|Should I ban this user agent?|
| 2:04 am on Mar 16, 2004 (gmt 0)|
Just a few days ago, I noticed 16Mb being downloaded in about 20 minutes, the user agent was RPT-HTTPClient/0.3-3
There wasn't much information about this agent, but I did find something at:
which mentioned the behaviour of the agent to be 'naughty'. Does anyone know what this means. Is the sipder more of a web downloader or web grabber, and should be banned anyway?
If I ban the agent in robots.txt, there is no guarantee that the agent will follow the rules, is there? That is, I cannot force exclusion that way, but maybe in .htaccess?
Also, another "strange" agent, the web logs as follows:
|220.127.116.11 - - [08/Mar/2004:22:06:57 -0500] "GET /robots.txt HTTP/1.0" 200 54 "-" "http://www.almaden.ibm.com/cs/crawler [c01]" |
18.104.22.168 - - [08/Mar/2004:22:07:04 -0500] "GET /index.html HTTP/1.0" 404 - "-" "http://www.almaden.ibm.com/cs/crawler [c01]"
22.214.171.124 - - [08/Mar/2004:22:07:15 -0500] "GET /_cmdlogin?login=guest&version=enterprise HTTP/1.0" 404 - "-" "http://www.almaden.ibm.com/cs/crawler [c01]"
126.96.36.199 - - [08/Mar/2004:22:07:26 -0500] "GET /se/ HTTP/1.0" 404 - "-" "http://www.almaden.ibm.com/cs/crawler [c01]"
I did do some searching on this site, and it appears the above IP/site was indicated as something that should be banned. I can use .htaccess to ban IP addresses, but it would make more sense to ban the agent's I do not approve of, wouldn't it?
I can put an array of banned agents in a PHP file also, that is always executed from every page, but that may place a bit more load on the server, and possibly affect response time, I don't know.
Is there a "definitive" list of user agents that are banned please?
[edited by: DaveAtIFG at 4:12 am (utc) on Mar. 16, 2004]
[edit reason] Removed URL [/edit]
| 4:15 am on Mar 16, 2004 (gmt 0)|
The Close to perfect .htaccess ban list [webmasterworld.com] is a pretty comprehensive list of "bad bots."
| 5:27 am on Mar 16, 2004 (gmt 0)|
Thanks for the link to that (longish) thread, loads of information there alright. Btw, aren't we allowed to post URL's that are not 'webmasterworld' ones?

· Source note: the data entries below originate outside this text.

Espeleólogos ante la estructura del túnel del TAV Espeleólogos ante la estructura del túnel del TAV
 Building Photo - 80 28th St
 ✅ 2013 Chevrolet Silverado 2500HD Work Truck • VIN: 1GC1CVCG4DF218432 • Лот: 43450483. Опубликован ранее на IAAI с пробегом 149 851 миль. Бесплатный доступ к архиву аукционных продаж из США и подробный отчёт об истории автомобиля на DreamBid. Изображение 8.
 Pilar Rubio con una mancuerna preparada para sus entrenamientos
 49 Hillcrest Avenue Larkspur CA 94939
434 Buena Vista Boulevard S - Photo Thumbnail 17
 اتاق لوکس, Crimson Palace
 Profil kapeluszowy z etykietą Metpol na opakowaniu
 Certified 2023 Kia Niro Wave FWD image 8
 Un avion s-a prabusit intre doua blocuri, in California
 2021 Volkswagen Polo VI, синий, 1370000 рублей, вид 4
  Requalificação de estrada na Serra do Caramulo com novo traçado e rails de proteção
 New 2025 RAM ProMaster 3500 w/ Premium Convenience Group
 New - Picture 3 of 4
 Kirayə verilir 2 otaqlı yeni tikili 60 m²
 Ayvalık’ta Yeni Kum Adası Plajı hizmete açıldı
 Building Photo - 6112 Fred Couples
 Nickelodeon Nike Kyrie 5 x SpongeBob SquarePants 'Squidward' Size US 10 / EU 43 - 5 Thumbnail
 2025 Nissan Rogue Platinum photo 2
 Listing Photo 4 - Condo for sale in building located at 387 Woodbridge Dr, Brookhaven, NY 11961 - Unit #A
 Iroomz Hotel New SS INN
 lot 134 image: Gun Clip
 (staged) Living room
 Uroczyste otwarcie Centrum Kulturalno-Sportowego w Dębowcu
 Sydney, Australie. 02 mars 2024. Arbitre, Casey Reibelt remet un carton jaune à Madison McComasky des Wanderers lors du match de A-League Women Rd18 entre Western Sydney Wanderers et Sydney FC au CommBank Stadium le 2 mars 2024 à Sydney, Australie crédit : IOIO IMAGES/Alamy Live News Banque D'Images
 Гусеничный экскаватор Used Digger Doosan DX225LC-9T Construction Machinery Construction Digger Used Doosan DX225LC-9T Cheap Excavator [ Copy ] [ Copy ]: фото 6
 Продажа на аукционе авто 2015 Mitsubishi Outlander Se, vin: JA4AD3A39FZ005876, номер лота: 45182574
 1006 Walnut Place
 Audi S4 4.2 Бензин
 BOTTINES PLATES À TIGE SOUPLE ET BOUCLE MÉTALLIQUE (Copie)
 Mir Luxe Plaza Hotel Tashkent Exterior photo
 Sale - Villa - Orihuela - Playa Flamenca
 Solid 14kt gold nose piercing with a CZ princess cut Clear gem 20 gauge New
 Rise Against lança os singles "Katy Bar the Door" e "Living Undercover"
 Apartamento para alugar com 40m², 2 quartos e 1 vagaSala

| 5:13 pm on Mar 16, 2004 (gmt 0)|
I wish you hadn't asked that! :) We're going way off topic and the answer isn't simple but...
|Btw, aren't we allowed to post URL's that are not 'webmasterworld' ones? |
First, review the TOS [webmasterworld.com], items 13, 20, and 25. Here are a few threads that discuss the issue.
Unfortunately there are no "hard and fast rules" that apply every time... except "Don't post URLs" and that's unrealistic. It basically comes down to a judgment call for each case.